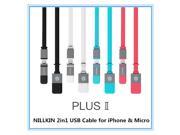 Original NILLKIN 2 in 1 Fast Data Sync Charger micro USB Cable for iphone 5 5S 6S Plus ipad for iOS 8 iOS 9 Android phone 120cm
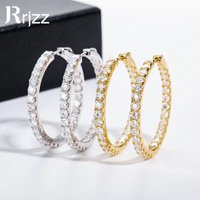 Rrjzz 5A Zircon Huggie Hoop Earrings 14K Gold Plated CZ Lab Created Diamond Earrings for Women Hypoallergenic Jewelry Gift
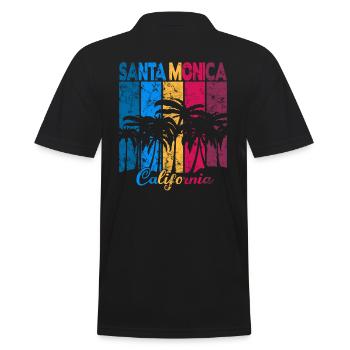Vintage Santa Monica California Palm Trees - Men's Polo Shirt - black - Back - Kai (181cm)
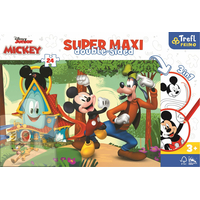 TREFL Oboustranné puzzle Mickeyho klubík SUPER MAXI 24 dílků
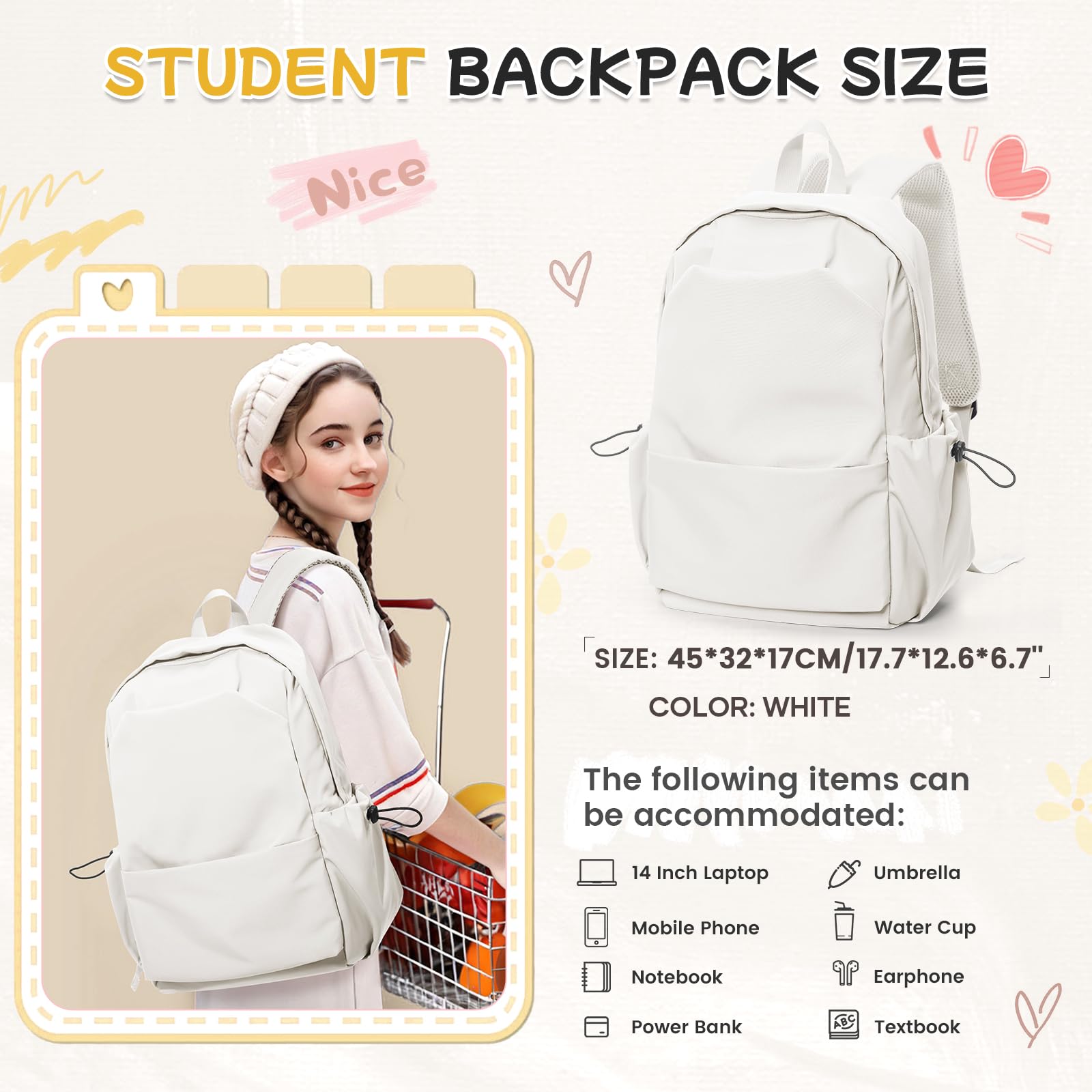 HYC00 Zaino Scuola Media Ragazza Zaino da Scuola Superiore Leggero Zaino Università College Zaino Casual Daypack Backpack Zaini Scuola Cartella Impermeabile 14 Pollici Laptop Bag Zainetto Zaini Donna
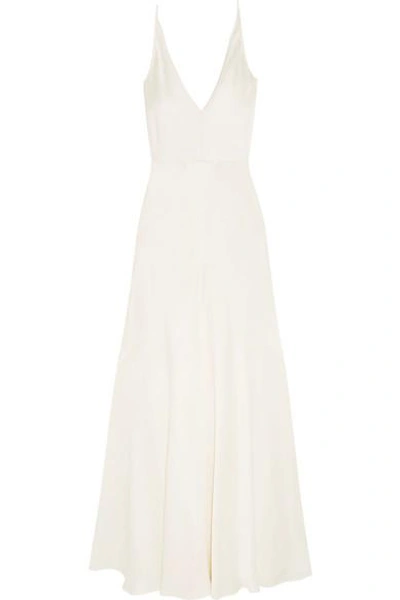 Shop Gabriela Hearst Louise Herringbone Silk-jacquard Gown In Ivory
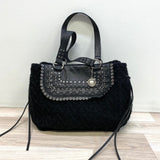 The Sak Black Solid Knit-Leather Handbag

### Exercise brief
The material must be restated verbatim. Its pictures must be omitted.

### Your solution
 Original NILLKIN 2 in 1 Fast Data Sync Charger micro USB Cable for iphone 5 5S 6S Plus ipad for iOS 8 iOS 9 Android phone 120cm
 Rrjzz 5A Zircon Huggie Hoop Earrings 14K Gold Plated CZ Lab Created Diamond Earrings for Women Hypoallergenic Jewelry Gift
Vintage Santa Monica California Palm Trees - Men's Polo Shirt - black - Back - Kai (181cm)
 TREFL Oboustranné puzzle Mickeyho klubík SUPER MAXI 24 dílků
 HYC00 Zaino Scuola Media Ragazza Zaino da Scuola Superiore Leggero Zaino Università College Zaino Casual Daypack Backpack Zaini Scuola Cartella Impermeabile 14 Pollici Laptop Bag Zainetto Zaini Donna
 Shop Gabriela Hearst Louise Herringbone Silk-jacquard Gown In Ivory
 The Sak Black Solid Knit-Leather Handbag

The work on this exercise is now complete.